Yaşar Doğu ile Muzaffer Sarısözen ‘in yaptıkları işlerde ben öteden beri bir yakınlık, bir benzerlik görürdüm, çok iyi dost olduklarını sonradan öğrendim. Biri Anadolu’yu karış karış dolaşarak, düğünlerde türkü, türkücü buldu, öteki aynı yerlerde ve gene düğünlerde güreş izledi, güreşçi buldu. Farklı alanlarda gibi görünse de aynı kültürün var ettiği Anadolu’daki değerlerimizin yok olup gitmesini önlediler, gün ışığına çıkardılar. Bu iki değerli insanın, yalnız spor salonlarında ya da konserlerde değil, ailece de görüştüklerini onları tanıyanlardan işittim. Sarısözen’in Ankara Maltepe’deki evinde Yaşar Doğu küçük Memili’yi kocaman elleriyle havaya atıp tutarken, telaşlanan Neriman Hanım’a; “Korkma Neriman Hanım, aslan yavrusuna zarar vermez!” dermiş. Anadolu’dan güçlü delikanlıları Yaşar Doğu derler, Celal Atik eğitirdi. Köy enstitülerine gidemeyen köy çocukları için bir okul yarattılar. O aslanların emeğine saygısızlık etmeyelim, güreşin Olimpiyatlardan kaldırılma düşüncesi en çok bizim ülkemizde tepki görmeliydi; bu sessizliğimizle, ilgisizliğimizle Yaşar Doğuların, Celal Atiklerin kemiklerini bir kez daha sızlattık.

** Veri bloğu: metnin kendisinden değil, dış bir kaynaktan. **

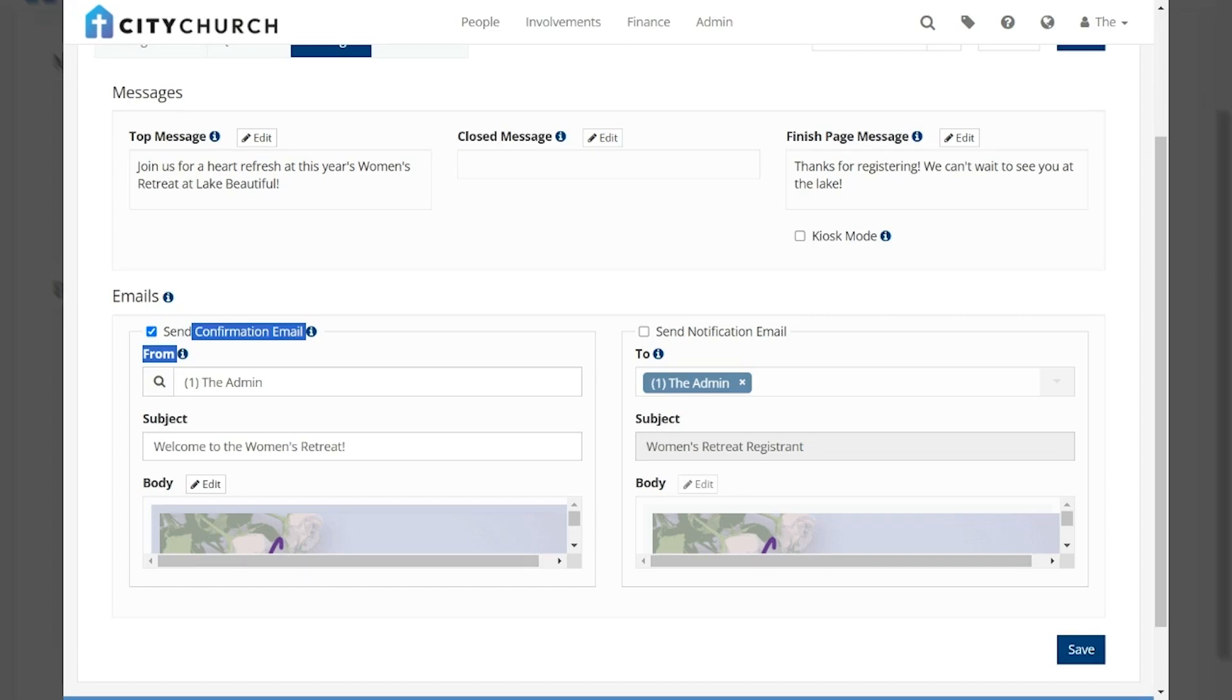Hi y'all! In today's touch pointer we'll be highlighting registration confirmation messaging. As part of the new registration form you now have two options for confirmation messages.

Okurlar belki bu spora olan ilgimi merak edeceklerdir, bu da ayrı bir yazı konusu. “Türk Gibi Kuvvetli” adını verdiğim kitabımın şu günlerde bitmek üzere olduğunu söylemek isterim şimdilik. Bu köşede her hafta değil de, iki haftada bir yazmam da, bu kitabı bir an önce bitirmek istediğimdendir.